TO DO — What lines in the records below mention "Blvd"? List them all.
#####
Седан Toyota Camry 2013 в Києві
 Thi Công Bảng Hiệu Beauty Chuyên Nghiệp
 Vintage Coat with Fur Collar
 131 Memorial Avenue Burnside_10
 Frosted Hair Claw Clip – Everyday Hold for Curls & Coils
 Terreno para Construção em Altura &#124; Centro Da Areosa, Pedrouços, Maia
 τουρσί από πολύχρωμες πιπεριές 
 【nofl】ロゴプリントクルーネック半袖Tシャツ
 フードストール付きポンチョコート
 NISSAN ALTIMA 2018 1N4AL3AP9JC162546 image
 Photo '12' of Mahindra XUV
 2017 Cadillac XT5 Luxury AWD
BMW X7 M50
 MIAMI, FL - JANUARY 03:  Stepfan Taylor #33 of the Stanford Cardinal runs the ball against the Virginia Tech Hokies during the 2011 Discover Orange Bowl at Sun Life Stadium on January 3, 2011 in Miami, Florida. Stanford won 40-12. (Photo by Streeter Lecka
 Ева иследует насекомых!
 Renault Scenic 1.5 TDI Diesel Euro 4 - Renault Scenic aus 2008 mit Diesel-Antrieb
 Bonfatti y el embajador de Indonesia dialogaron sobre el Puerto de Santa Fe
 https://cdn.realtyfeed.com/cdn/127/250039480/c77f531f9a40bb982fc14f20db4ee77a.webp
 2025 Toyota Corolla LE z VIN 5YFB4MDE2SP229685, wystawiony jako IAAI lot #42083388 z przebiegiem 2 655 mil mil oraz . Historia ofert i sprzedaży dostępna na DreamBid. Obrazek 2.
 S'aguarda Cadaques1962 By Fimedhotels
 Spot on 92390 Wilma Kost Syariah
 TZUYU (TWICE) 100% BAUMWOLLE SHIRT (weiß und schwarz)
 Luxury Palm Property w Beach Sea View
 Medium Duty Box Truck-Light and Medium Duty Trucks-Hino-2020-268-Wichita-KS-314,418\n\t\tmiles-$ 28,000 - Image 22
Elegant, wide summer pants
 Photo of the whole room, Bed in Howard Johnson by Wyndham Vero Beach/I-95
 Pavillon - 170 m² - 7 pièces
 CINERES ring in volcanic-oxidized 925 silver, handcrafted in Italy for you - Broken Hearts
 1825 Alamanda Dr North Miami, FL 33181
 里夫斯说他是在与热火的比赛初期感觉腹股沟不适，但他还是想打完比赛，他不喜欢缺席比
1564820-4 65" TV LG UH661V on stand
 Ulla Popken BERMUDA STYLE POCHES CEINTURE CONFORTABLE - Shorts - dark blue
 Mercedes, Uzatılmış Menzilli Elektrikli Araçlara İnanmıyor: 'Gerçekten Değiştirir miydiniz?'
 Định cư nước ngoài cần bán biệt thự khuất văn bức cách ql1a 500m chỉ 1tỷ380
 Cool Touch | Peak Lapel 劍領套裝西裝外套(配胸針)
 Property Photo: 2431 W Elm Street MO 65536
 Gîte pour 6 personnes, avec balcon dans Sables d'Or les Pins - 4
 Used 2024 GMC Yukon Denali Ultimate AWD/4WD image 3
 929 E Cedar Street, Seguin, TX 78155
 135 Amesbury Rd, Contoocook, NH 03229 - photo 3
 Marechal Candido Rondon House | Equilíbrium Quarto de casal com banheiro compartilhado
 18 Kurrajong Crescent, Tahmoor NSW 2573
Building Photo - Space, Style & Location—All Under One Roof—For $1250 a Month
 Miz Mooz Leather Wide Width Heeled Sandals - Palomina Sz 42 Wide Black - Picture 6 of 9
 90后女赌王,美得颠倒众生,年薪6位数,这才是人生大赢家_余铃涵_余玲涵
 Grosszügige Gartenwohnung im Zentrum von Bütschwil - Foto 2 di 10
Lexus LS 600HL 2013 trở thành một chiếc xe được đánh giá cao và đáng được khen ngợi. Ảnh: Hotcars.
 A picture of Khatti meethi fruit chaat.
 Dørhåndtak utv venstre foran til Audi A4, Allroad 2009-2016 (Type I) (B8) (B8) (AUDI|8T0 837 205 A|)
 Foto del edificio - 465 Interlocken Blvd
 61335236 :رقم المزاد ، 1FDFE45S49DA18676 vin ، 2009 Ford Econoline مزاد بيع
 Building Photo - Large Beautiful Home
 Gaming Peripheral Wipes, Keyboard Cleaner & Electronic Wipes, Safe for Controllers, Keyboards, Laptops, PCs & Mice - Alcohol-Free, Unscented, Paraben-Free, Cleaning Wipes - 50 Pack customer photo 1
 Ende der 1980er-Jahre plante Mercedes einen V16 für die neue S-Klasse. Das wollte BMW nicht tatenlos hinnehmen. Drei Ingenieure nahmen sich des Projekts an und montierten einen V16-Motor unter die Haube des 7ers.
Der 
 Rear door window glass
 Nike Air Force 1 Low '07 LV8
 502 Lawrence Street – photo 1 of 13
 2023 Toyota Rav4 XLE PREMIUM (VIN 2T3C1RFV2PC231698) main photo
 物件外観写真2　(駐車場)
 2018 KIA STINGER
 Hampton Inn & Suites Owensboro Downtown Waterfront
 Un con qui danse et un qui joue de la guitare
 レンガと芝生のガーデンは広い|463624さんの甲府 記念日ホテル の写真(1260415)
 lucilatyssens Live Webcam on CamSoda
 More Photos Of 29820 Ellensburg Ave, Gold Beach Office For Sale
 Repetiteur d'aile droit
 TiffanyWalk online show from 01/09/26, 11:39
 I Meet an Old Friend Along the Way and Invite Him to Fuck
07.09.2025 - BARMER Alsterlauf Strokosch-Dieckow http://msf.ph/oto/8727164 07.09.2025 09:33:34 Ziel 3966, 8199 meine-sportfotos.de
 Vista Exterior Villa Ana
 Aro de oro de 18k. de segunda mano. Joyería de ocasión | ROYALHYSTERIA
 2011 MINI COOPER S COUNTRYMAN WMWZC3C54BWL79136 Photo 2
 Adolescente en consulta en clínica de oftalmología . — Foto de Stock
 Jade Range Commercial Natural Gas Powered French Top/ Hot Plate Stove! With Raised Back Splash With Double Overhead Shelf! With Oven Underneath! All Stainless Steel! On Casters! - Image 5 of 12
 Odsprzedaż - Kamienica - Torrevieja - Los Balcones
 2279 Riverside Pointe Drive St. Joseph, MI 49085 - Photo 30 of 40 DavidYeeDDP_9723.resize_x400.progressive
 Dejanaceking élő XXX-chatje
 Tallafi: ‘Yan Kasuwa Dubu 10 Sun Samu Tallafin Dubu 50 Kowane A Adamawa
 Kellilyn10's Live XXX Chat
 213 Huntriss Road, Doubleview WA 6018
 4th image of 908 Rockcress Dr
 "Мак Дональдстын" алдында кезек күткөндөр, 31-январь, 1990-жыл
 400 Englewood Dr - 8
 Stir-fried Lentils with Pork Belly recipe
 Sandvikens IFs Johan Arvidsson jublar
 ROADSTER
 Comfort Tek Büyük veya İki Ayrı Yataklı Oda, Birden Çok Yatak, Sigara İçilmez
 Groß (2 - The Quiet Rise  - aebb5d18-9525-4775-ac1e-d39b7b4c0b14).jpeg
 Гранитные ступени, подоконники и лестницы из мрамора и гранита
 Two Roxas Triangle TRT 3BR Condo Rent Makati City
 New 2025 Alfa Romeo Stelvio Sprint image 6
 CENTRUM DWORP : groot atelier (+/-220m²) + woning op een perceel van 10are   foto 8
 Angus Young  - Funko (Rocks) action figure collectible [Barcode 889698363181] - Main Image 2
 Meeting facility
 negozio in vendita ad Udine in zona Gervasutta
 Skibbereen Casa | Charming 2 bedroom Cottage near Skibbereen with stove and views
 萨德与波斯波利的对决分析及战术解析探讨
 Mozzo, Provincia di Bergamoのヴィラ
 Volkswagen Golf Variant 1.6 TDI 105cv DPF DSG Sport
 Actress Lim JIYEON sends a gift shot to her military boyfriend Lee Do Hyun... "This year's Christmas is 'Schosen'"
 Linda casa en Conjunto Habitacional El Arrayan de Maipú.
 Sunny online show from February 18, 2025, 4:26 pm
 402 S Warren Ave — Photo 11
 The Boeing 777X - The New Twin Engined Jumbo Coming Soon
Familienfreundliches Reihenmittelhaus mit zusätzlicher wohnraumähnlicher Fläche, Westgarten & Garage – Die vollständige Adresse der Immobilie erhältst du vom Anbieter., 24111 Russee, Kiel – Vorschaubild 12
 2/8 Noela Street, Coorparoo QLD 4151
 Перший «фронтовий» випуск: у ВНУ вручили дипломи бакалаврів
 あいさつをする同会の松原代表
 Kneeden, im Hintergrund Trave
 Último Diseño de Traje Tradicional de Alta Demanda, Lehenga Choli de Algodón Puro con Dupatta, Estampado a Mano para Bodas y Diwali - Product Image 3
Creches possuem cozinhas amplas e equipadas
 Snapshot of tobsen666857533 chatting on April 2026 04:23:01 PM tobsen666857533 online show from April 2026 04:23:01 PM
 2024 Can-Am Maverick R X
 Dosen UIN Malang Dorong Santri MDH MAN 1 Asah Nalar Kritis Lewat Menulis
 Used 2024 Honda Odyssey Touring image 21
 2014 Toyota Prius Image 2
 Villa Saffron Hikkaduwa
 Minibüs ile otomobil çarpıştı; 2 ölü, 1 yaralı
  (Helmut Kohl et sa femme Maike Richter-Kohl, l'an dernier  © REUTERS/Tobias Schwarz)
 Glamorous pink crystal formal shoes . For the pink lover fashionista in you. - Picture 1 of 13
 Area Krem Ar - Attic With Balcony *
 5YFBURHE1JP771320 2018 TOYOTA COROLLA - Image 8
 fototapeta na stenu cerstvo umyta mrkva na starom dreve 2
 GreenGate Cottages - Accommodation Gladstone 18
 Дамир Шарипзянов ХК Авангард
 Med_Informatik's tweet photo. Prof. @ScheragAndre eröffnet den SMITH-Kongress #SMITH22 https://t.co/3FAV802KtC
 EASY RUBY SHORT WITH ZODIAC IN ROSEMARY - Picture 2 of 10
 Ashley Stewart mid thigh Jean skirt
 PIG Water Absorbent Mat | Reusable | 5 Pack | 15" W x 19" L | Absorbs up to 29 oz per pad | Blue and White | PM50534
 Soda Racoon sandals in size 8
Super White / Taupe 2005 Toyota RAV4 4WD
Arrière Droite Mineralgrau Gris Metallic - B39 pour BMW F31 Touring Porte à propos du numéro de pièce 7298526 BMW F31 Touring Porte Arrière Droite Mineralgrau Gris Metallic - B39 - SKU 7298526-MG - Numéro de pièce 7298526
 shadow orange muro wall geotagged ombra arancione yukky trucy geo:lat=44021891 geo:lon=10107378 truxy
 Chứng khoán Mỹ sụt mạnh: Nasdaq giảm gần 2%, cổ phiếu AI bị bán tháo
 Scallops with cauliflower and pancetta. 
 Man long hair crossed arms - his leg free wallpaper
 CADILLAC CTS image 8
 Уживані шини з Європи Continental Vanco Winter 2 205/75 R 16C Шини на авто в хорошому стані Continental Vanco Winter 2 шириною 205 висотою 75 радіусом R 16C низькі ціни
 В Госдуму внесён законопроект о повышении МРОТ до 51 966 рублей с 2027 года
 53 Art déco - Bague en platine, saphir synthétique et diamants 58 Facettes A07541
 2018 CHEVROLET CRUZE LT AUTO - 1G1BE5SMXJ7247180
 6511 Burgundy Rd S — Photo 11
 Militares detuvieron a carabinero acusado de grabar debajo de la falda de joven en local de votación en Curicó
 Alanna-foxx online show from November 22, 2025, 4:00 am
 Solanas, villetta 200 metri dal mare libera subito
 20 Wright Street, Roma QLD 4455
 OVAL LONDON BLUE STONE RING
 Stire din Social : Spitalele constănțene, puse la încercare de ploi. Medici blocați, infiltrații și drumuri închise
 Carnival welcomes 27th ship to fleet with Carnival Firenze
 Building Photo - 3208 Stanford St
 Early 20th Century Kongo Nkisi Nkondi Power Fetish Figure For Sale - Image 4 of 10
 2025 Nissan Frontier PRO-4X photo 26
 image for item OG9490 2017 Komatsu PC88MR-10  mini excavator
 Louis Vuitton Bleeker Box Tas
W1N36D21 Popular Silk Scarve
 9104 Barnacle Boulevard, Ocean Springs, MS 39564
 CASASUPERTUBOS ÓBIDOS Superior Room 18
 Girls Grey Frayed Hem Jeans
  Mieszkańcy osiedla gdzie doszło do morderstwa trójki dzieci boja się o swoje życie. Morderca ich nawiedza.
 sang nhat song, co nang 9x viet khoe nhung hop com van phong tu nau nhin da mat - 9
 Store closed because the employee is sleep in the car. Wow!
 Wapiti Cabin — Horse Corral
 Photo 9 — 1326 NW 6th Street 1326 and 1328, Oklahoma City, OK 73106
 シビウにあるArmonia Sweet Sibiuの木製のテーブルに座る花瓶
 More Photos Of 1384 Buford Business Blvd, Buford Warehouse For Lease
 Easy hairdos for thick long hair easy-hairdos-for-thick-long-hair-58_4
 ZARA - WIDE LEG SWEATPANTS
#####
RESULT OF THE TASK —
 Foto del edificio - 465 Interlocken Blvd
 More Photos Of 1384 Buford Business Blvd, Buford Warehouse For Lease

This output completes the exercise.